E si capisce anche quanto Marley e il reggae rappresentino, caso abbastanza unico, paragonabile forse solo ai Beatles ed agli Stones, una continuità generazionale che si è riprodotta senza strappi. Perché una No Woman No Cry "con le lacrime agli occhi e a squarciagola" l’hanno cantata in molti, anche anni dopo la morte di Marley. Anche oggi: magari - alla Nanni Moretti - in macchina, recuperata da qualche vecchia cassetta in fondo al vano porta oggetti; magari suonata da qualche imbarazzante cover band tra Sweet Home Chicago e Certe notti di Ligabue. Una No Woman No Cry - ma forse anche più d’una - sarà sicuramente risuonata in ognuna delle undici edizioni del "Rototom Sunsplash", il festival che ogni anno per circa una settimana a luglio raccoglie nella campagna fuori Udine qualcosa come 200.000 appassionati di reggae da tutta Europa, ed il cui nome "deriva dall’usanza di protrarre lo spettacolo fino a quando il sole fa "splash", ovvero schizza fuori dal mare per inaugurare il nuovo giorno". Parecchie No Woman No Cry (o forse era Get Up Stand Up) pare di ricordarle uscire pure dai sound-system che accompagnavano le feste di strada della "Pantera" studentesca del 1990, riconsegnando il reggae e più in generale "il ballo" ad un ruolo anche politico, intuizione che di lì a poco avrebbero percorso in maniera esplicita gruppi come i 99 Posse e tutto il primissimo rap italiano (in un fil-rouge che arriva fino a molte band "ska" di oggi), e in maniera più allusiva altri come Africa Unite o Sud Sound System.

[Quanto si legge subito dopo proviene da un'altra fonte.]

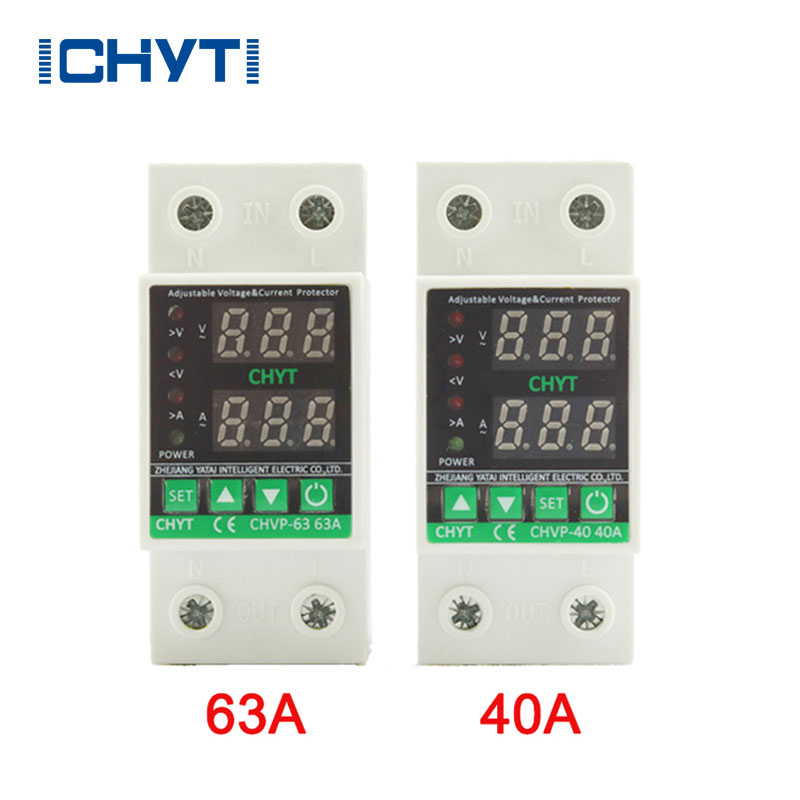 အိမ်အတွက် High Low Voltage Protector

Del resto: Bob Marley come Che Guevara, si diceva. Un’icona superficiale suo malgrado che però, accidenti, funziona. Un’icona che come tutte le migliori icone appena la vedi ricostruisce subito un intero mondo di significati condivisi. Esattamente come i capelli "rasta": quei dreadlocks meravigliosamente consegnati alla storia del cinema da Marco Cocci - il rasta figlio di papà in Ovosodo di Virzì - in tutta la loro ambigua valenza di scelta estetica "contro" ma anche di moda burina, totalmente slegata dalle motivazioni storiche originali (il precetto biblico, contenuto nel libro del Levitico, che prescriveva ai sacerdoti rasta di non tagliarsi i capelli in segno di rispetto alla divinità). Il lascito di Marley, la sua eredità, sono anche in queste piccole cose. Anche se - un po’ a sorpresa, va detto - la figura che più di ogni altra negli ultimi anni sembra averne raccolto l’eredità spirituale e materiale è la vedova, Rita Marley. Ad esempio è lei che lo scorso anno ha lottato con successo perché i resti dell’ex-marito venissero esumati in Giamaica e quindi seppelliti in Etiopia (come da sogno rastafari di un "ritorno all’Africa" di tutti i neri). La storia tra loro fu in realtà piuttosto controversa, ed è Rita stessa ad averla raccontata in un libro uscito due anni fa, No Woman No Cry: My Life with Bob Marley. Sposati nel 1966 e di fatto rimasti insieme fino alla morte di lui, i due hanno avuto una relazione nel migliore dei casi "discontinua". Addirittura, ricorda Rita, agli inizi del successo internazionale un discografico consigliò a Bob di mantenere "un basso profilo" sulla questione del matrimonio, per non "danneggiare l’immagine" presso le fan... Risultato: dei dodici figli "ufficiali" di Bob Marley solo tre sono figli anche di Rita: gli altri arrivano dall’unione di Marley con altre donne (e due - comunque riconosciuti da Bob - dall’unione di Rita con altri uomini). E in uno strano caso di gossip post-mortem, circa un anno fa è venuta fuori pure la storia, troppo incredibile per non essere vera, di una breve relazione - una settimana appena, una settimana di passione in un hotel di New York sul finire degli anni Settanta - tra Bob Marley e la super-editore-capo di Vogue Usa, Anna Wintour. Almeno in questo caso, però, nessun bebè coi dreadlocks ha reclamato paternità eccellenti.